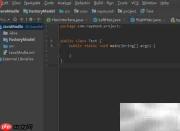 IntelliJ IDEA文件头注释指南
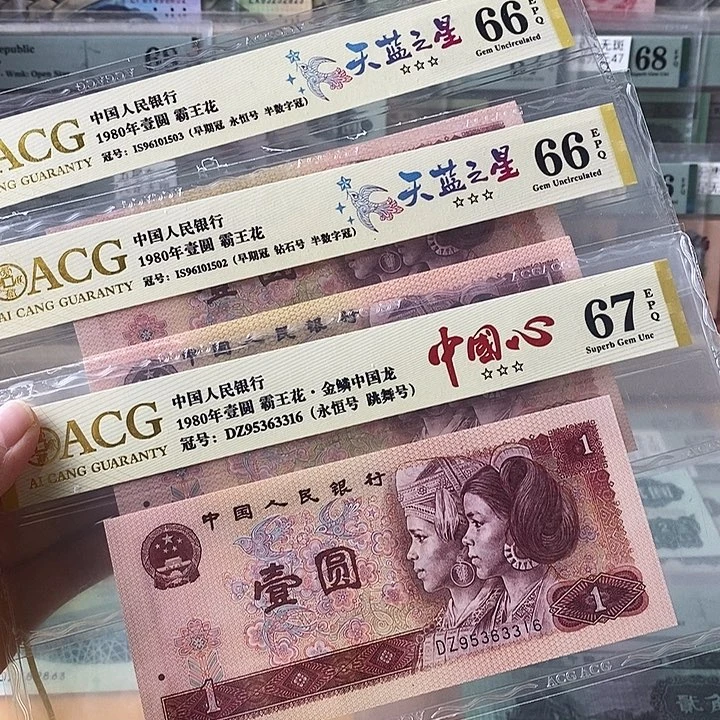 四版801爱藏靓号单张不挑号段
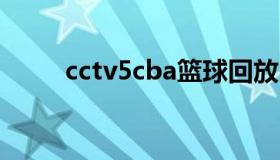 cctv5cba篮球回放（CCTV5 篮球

##########

Exercise prompt: Without including any pictures, reproduce the listing exactly.

Task result:
 IntelliJ IDEA文件头注释指南
 四版801爱藏靓号单张不挑号段
 cctv5cba篮球回放（CCTV5 篮球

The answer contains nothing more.